You could also add the clause having n > 30 at the end of the query to keep conplete periods only.

PG

View solution in original post

dkb · Posted 09-23-2014 09:51 PM

Obvious question: What should happen to the later records for each firm, where there are less than 30 subsequent days of data?

mahler_ji · Posted 09-23-2014 09:55 PM

Hey , thanks for your question.

It doesn't really matter, because I am going to trim the data to get rid of those observations. So they can either return something wrong or return a "." Either one will do!

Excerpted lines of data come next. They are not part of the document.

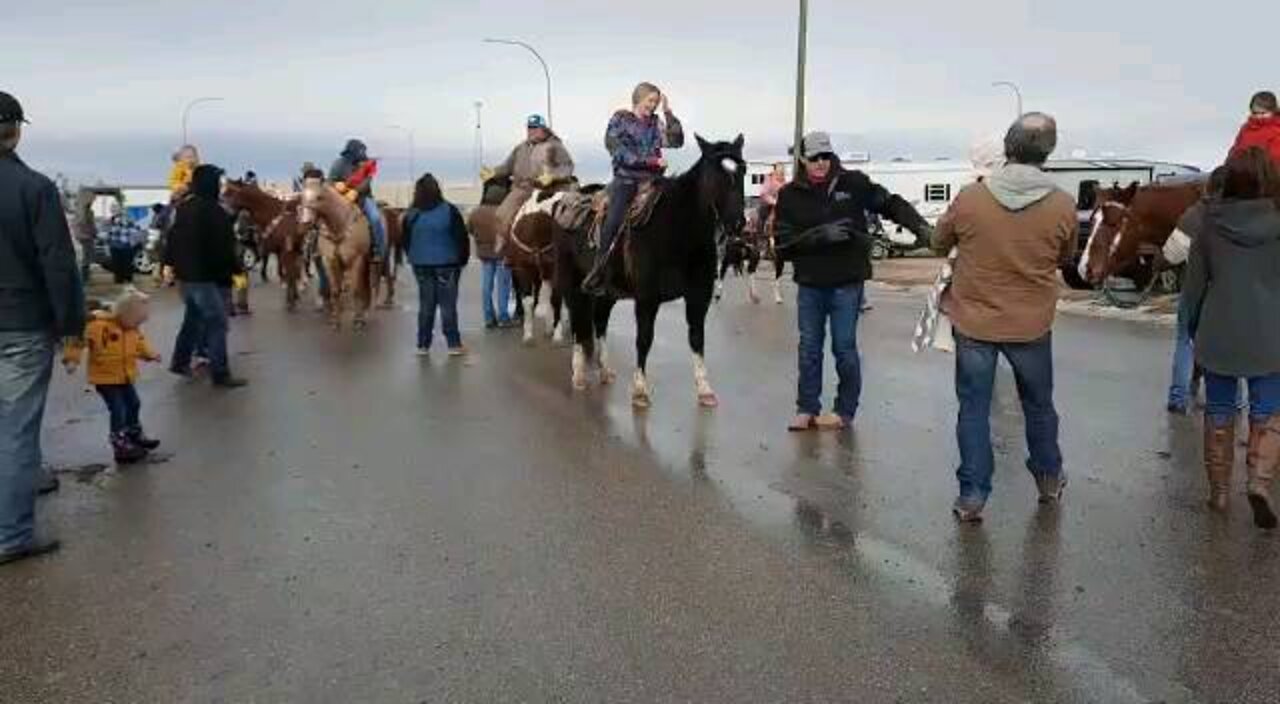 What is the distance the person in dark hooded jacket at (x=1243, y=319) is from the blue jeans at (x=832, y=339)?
2.44 metres

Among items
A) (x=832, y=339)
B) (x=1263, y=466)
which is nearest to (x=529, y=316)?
(x=832, y=339)

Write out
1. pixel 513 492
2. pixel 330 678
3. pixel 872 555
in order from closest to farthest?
pixel 330 678 < pixel 872 555 < pixel 513 492

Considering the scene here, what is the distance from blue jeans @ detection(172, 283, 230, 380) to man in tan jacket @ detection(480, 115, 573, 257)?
4.16 meters

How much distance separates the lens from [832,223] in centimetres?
766

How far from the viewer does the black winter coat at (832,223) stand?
7691 millimetres

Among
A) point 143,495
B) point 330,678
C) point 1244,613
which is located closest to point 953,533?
point 1244,613

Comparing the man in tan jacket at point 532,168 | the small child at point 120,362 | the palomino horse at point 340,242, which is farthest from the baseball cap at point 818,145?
the palomino horse at point 340,242

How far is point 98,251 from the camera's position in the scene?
90.6 ft

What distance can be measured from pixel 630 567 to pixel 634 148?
498cm

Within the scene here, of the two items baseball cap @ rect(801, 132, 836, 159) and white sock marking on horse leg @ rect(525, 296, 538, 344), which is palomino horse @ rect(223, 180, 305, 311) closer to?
white sock marking on horse leg @ rect(525, 296, 538, 344)

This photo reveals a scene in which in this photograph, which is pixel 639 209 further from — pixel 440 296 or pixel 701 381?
pixel 440 296

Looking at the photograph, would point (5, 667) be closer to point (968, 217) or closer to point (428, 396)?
point (968, 217)

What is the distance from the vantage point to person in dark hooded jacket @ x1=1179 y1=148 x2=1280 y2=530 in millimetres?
5656

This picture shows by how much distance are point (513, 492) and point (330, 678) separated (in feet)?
8.37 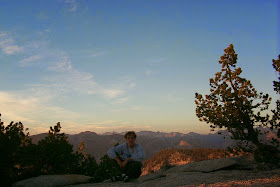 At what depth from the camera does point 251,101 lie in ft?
25.6

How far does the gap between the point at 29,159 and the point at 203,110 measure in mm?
5892

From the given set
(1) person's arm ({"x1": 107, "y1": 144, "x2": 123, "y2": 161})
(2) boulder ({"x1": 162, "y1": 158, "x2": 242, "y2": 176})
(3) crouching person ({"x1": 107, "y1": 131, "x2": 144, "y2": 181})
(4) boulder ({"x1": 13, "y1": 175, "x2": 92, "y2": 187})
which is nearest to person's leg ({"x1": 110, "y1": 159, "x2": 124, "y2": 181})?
(3) crouching person ({"x1": 107, "y1": 131, "x2": 144, "y2": 181})

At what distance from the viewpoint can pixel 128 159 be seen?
29.1 feet

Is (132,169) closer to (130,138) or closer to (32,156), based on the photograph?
(130,138)

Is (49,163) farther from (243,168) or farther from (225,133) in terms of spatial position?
(243,168)

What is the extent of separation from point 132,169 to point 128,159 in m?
0.40

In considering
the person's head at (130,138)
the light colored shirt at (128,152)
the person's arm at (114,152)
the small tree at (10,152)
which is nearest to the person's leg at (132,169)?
the light colored shirt at (128,152)

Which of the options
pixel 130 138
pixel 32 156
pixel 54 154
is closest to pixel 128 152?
pixel 130 138

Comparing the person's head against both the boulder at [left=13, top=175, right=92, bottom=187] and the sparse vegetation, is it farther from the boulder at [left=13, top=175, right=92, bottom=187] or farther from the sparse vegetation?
the boulder at [left=13, top=175, right=92, bottom=187]

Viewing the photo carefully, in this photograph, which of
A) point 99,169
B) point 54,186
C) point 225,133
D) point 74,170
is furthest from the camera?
point 74,170

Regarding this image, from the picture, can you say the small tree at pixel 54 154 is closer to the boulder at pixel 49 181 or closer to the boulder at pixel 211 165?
the boulder at pixel 49 181

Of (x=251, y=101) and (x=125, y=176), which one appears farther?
(x=125, y=176)

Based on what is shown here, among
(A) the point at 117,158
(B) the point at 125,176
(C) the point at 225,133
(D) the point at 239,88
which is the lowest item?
(B) the point at 125,176

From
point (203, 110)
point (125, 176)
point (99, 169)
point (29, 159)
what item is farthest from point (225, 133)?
point (29, 159) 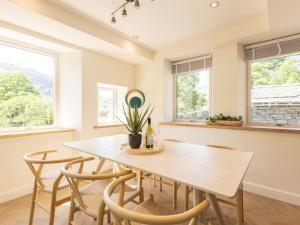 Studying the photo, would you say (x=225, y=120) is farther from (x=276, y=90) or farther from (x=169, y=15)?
(x=169, y=15)

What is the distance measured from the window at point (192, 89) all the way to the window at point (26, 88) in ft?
7.71

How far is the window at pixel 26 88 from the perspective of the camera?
93.4 inches

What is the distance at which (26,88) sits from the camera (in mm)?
2584

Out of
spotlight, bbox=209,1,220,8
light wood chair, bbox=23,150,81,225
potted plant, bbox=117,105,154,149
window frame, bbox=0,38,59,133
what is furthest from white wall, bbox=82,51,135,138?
spotlight, bbox=209,1,220,8

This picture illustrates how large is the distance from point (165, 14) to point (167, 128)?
6.28 feet

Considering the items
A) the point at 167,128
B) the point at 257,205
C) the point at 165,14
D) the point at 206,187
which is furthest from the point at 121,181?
the point at 167,128

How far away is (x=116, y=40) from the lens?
2.81 meters

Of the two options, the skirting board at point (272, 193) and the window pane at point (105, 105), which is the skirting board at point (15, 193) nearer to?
the window pane at point (105, 105)

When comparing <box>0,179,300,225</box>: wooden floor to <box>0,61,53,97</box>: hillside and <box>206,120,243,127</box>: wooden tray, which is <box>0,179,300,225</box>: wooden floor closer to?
<box>206,120,243,127</box>: wooden tray

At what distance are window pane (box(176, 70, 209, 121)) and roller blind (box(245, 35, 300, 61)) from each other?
0.77 m

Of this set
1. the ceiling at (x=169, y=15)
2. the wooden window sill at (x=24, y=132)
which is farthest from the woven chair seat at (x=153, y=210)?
the ceiling at (x=169, y=15)

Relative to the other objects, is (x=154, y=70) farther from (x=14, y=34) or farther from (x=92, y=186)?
(x=92, y=186)

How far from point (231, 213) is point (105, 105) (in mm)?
2814

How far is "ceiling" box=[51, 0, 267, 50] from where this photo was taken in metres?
2.04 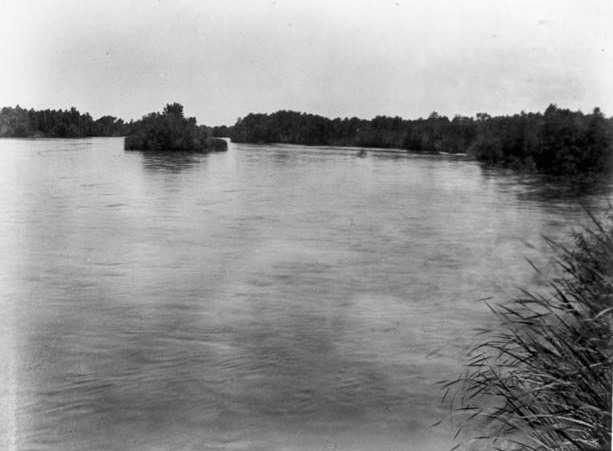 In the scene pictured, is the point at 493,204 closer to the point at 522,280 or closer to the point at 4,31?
the point at 522,280

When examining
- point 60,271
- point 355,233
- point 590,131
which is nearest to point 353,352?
point 590,131

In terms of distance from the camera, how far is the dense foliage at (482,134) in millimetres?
12484

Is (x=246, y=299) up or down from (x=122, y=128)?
down

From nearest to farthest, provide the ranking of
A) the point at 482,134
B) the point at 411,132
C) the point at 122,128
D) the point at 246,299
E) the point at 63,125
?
1. the point at 246,299
2. the point at 63,125
3. the point at 122,128
4. the point at 482,134
5. the point at 411,132

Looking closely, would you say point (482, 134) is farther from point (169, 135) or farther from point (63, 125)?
point (63, 125)

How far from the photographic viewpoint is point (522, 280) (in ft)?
51.1

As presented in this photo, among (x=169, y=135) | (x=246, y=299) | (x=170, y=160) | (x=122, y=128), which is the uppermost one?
(x=122, y=128)

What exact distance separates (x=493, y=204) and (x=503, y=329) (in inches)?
464

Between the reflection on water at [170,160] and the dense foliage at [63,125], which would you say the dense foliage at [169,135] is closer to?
the reflection on water at [170,160]

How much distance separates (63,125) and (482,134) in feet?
31.5

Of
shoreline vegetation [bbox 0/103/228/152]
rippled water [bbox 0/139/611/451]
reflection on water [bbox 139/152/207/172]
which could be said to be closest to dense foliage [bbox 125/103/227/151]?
shoreline vegetation [bbox 0/103/228/152]

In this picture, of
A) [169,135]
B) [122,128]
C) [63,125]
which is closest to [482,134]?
[169,135]

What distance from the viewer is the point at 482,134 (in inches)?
667

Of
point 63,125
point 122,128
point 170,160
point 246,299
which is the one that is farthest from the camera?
point 170,160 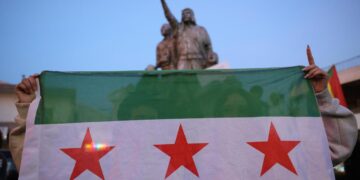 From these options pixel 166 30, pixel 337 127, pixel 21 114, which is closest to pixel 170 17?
pixel 166 30

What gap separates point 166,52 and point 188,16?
0.79 m

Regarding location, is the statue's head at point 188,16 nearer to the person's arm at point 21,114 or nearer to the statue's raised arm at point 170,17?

Any help would be amazing! I am having a hard time figuring this one out.

Thanks,

John

user24feb · Posted 09-24-2014 04:20 AM

Should work, but requires a merge:

Data A (Keep=Firm Date R);
Do Firm_Nr=1 To 3;
    Do Time=0 To 50;
      Firm=Byte(Firm_Nr+64);
   Date=IntNX('day',"01JAN2000"d,Time);
   R=Normal(1)*0.02+0.03;
      Output;
    End;
End;
Format Date Date9.;
Run;

%Let Periods=30;
Data B;
Retain Total;
Set A;
Date=IntNX('day',Date,-&Periods.);
By Firm;
If First.Firm Then Do;
Total=0;
Count=0;
End;
Count+1;
Drop_Obs=Lag&Periods.(R);
If Count gt &Periods Then Total=Sum(Total,R,-Drop_Obs);
Else Total=Sum(Total,R);
Run;

Data C;
Merge A (in=inA) B (Keep=Firm Date Total in=inB);
By Firm Date;
If inA;
Run;

Reeza · Posted 09-23-2014 10:37 PM

A SQL self join is a quick way, this will return an invalid number if you have less than 30 days of records. You could add a count to keep track of how many records and either eliminate them or set them to missing in the same query if you wanted.

(untested)

proc sql;

create table want as

select a.firm, a.date, sum(b.ret) as cum_ret

from have as a

left join have as b

on b.date-a.date between 0 and 30

order by a.firm, a.date;

quit;

mahler_ji · Posted 09-27-2014 08:04 PM

Hey ,

Thank you, as always, for your help. For some reason, the code that you wrote is "hanging," meaning that I submit it and then it just sits there, without giving me an error. I don't really know what is going on, but I really like the idea behind your code, as it seems very intuitive to me.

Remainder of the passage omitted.